Arthur Penn’s 1967 cinematic landmark (which is also streaming on Netflix) launched an American New Wave of counterculture films about anti-heroes and misfits contesting a nefarious system. Penn’s successors painted a bleak leftist vision of America as a land of beautiful eccentrics destroyed by materialism, militarism, greed, conformity, and corruption. Exactly two decades after Bonnie and Clyde, though, Costner became a star in The Untouchables, which heralded a Reaganite restoration in which movies celebrated lawmen and the military as the good guys who brought order to chaotic times.

Retelling Bonnie and Clyde from the point of view of the actual heroes of the story is a superb idea that took far too long to come to screen. Hired by the governor of Texas, “Ma” Ferguson (Kathy Bates), aging ex-Rangers Frank Hamer (Costner) and Maney Gault (Harrelson) are given a special mandate to end a reign of terror that left 13 people dead, yet was celebrated as a romantic tale of sexy desperadoes who were folk heroes to the newspapers of the Great Depression and later easily adapted into symbols of Sixties liberation.

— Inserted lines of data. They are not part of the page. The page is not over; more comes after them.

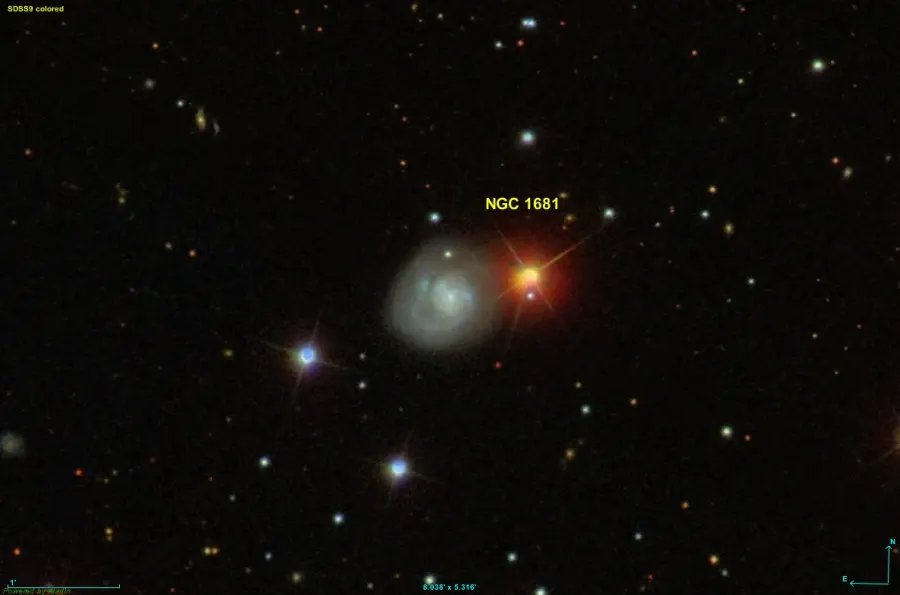 La carte NGC 1681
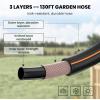 imageGiraffe Tools Retractable Garden Hose Reel 12 Inch x 130 ft Super Heavy Duty Any Length Lock Slow Return System Wall Mounted and 180 Deg Swivel BracketDark Grey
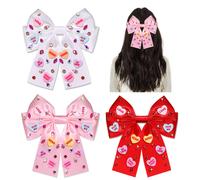 3pcs clip per capelli per capelli di San Valentino per le donne conversazioni per capelli Cuci di cristallo ingioiellati color rosa pelo rosa barrett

Channeling Hamer’s rage and disgust, The Highwaymen attacks the myth of Bonnie and Clyde, who are seen only in glimpses. Far from robbing banks on behalf of hapless victims of the Depression, the Barrow gang mostly stuck to soft targets such as gas stations and grocery stores. Yet ordinary Americans were enthralled by the rebel legends and are seen concealing information to cover for the killers — though they were cheap, vicious cowards who would do anything for a buck. Governor Ferguson (Kathy Bates) replies to reporters pushing the Robin Hood narrative, “Did Robin Hood ever shoot a gas station attendant in the head for four dollars and a tank of gas?”

John Fusco’s shrewd and meditative script has fun trolling Bonnie and Clyde: The scene in the earlier film in which Bonnie dramatically reads aloud her poem about her life and anticipated death inspires a scene in which Hamer and Gault consider the same poem and note that it’s moronic. “Used to be, you had to have talent to get published. Now you just have to shoot people,” notes Gault. In another scene Gault just about has Clyde in his sights when the bandit’s car is suddenly mobbed by adoring fans.

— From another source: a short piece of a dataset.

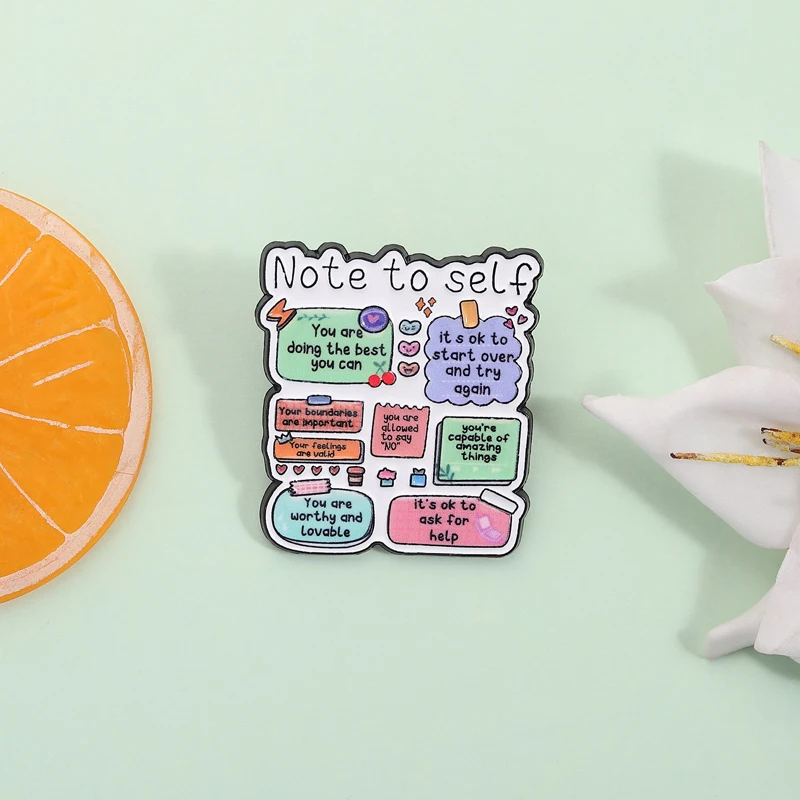 Sticky Note Reminder Enamel Pins Give It My Almost You Are Doing The Best You Can Brooches Lapel Badge Jewelry Gifts For Friends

Directed by the Texan John Lee Hancock, who tends toward warm, heartland-friendly films such as The Blind Side and Saving Mr. Banks, The Highwaymen falls far short of Penn’s visual style — the editing and cinematography are lackluster in the manner of a TV movie, and the new-looking sets don’t supply much Depression grit. Thomas Newman’s hokey score is also unfortunate.

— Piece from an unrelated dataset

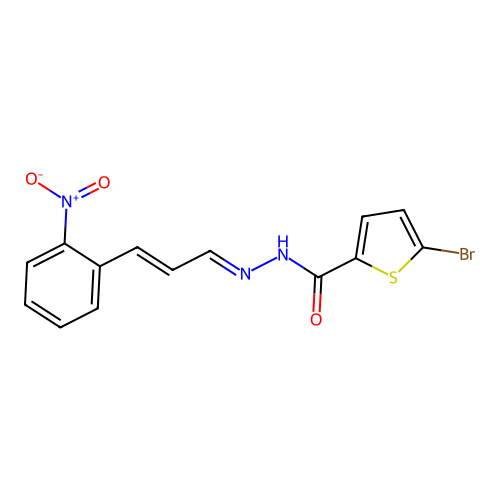 5-bromo-N-[(E)-[(E)-3-(2-nitrophenyl)prop-2-enylidene]amino]thiophene-2-carboxamide structure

Yet the film is alive with ideas. Its core is conservative in its determination to set the record straight about the relative values of law and order on one hand and unchecked narcissism on the other, but it departs from a major conservative principle. Like the heroes of Charles Bronson, Clint Eastwood, and Sylvester Stallone movies, the highwaymen take the law into their own hands in pursuit of these vicious lawbreakers. The ex-Rangers blithely stray far from their Texas jurisdiction, and Hamer beats up a gas-station attendant to make him talk. This may make for gratifying entertainment, but it’s also wrong.

So it’s welcome when Harrelson’s character, Gault, somewhat atypically for the actor, casts Hamer’s tactics as stooping to the level of the felons. The Highwaymen is mature enough to at least acknowledge the problem, to paint its heroes as morally tainted rather than brushing off all concerns about lawbreaking as sissy liberalism. There is some surprising soul-searching about whether it’s morally permissible to shoot murderers without warning. Cops who seek to give the gang an opportunity to surrender pay with their lives, and there’s an episode in Hamer and Gault’s back story that informs their thinking, though it doesn’t make them feel good about it: On one raid they shot a 13-year-old boy who was trying to flee.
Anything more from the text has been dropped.